The success of Susser likely captured the imagination of Kelcy Warren and his team as it presented a roadmap for how Energy Transfer Partners LP (ETP), an entity controlled by Energy Transfer Equity LP (ETE) could monetize the firm’s significant fuel distribution assets that were acquired as part of the 2012 purchase of Sunoco Inc. These fuel distribution assets were essentially gravy for the Energy Transfer family as Warren’s primary target was the general partner of Sunoco Logistics Partners L.P. (SXL) and its premier crude and NGL transportation franchise. With Energy Transfer Partners purchase of Susser Holdings, the partnership gained a vehicle (eventually renamed Sunoco LP) through which Energy Transfer Partners could raise cash for itself via the sale of non-core assets while at the same participating in the roll up a fragmented industry through its ownership in the incentive distribution rights (IDRs) and limited partnership interest in the Sunoco LP.
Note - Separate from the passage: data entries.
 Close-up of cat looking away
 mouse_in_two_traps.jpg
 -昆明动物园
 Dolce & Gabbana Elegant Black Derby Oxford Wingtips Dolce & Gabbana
Company & Industry Dynamics:
At the time of Energy Transfer Partners purchase of Susser Holdings, Susser Petroleum Partners controlled approximately 527 company operated retail stations and dealer/distributor operated fuel stations. Since that time and after a name change to Sunoco LP, the partnership has added an additional 418 locations through a related party purchase (dropdown) of ETP owned Sunoco stations and a 3rd party transaction. Sunoco LP is set to grow considerably via the large remaining inventory of dropdowns held by Energy Transfer Partners, which totals 5,650 locations.
Given the effects of Sunoco LPs first third party acquisition and dropdown while under the control of Energy Transfer Partners and the firm’s recent secondary offering, Sunoco LP has a market cap of ~$1.68B and net debt of ~$0.42B for an EV of ~$2.1B against pro forma EBITDA of ~$180M valuing the company at roughly 11.6x on a Q1 2015 annualized run rate. It is management’s goal to grow Sunoco LPs EBITDA to $1B via the various levers in their toolkit. In doing so Energy Transfer Partners will free up capital for other investment projects while at the same time creating an IDR stream to use in its various deal makings with its own parent Energy Transfer Equity LP.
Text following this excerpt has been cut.